Normally there are a couple of admins and moderators at the scheduled times.


----------



## K9_girl1994

arggg. at first the chat room wasn't letting my sister log in...Now it wont let me log in but will let my sister log in! Can someone help me..I have tryed deleting my user and adding a new one but that still didn't work!


----------



## K9_girl1994

now it wont let me or my sister log into it...it says this

Database error: Invalid SQL: INSERT INTO c_users VALUES ('Default', 'FabioBruno', '1', '1233016069', 'r','76.178.207.70')
MySQL error: 1062 (Duplicate entry '76.178.207.70' for key 2)
Session halted.


----------



## Reaper

that is because it says you are in chat I will boot ya out and try again


----------



## K9_girl1994

ok thanx..yeah it worked!


----------



## Hedgiepets

Don't forget about scheduled chats! A good place to ask questions.


----------



## Hedgiepets

Have a question? Come to the chat room during normally scheduled chats.


----------



## Hedgiepets

Don't forget. Join chat and get questions answered or just come chat about your hedgehog.


----------



## Terry

Is this where I come to chat and ask questions?


----------



## nikki

No the chat is in a chat room, if you look up, just below the HHC logo at the top of the screen, you'll see three stylized hedgie pics that say "HHC Home", "HHC Chat", and "Photo Gallery". Click on HHC Chat, then you have to register there, and then sign in and start visiting or asking questions.


----------



## Terry

thanks so much


----------



## bnstik

Why wont it let me register?


----------



## abbys

This thread is three years old and the website has been redesigned since then, so the "chat" may not be a feature anymore.


EDIT: Oh wait, I see it now. I don't know why you can't register, but if you have questions the forum is a great place to get answers, too.


----------



## eicg

i have a question how do you post a question thing i know how to answer just not post a question. Also how do you post pics.


----------



## abbys

When you go to the main forum page, http://www.hedgehogcentral.com/forums/, click on a specific forum topic like "health," "diet and nutrition," "housing and accessories," etc., and click on whatever subtopic your question is about, and you'll see a box that says "new thread" at the top of the list.

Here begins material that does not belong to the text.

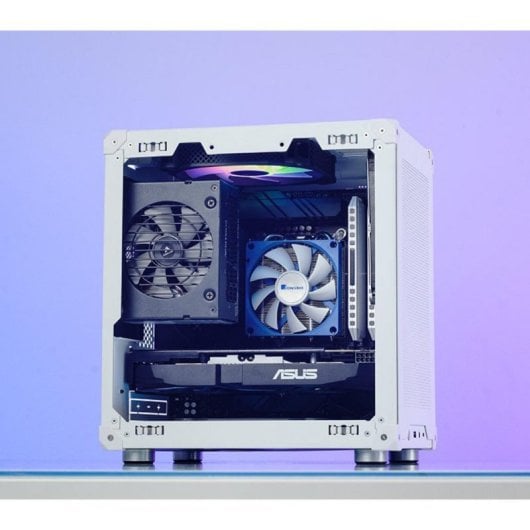 Case PC Jonsbo C6 Black ITX micro ATX Acciaio Nero Case PC Jonsbo C6 Black ITX micro ATX Acciaio Nero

To add a picture, there's a little paper clip icon at the top of the text box. Click on it and you can upload pictures.


----------



## eicg

how to you make treads/question


----------



## Lilysmommy

Posting the same message or thread multiple times isn't going to get you an answer any faster. Please post only once. 

Like Abbys already said, when you click to view a forum section (such as the Diet/Nutrition section), before any of the threads are listed, above the brown outline of the box, there's a button that says "New Thread". Click that to post a new thread. Make sure you try to post things in the correct forum too.


----------



## eicg

sorry it was an accident i only created my account 30 mins before i posted that i was have some difficulties.


----------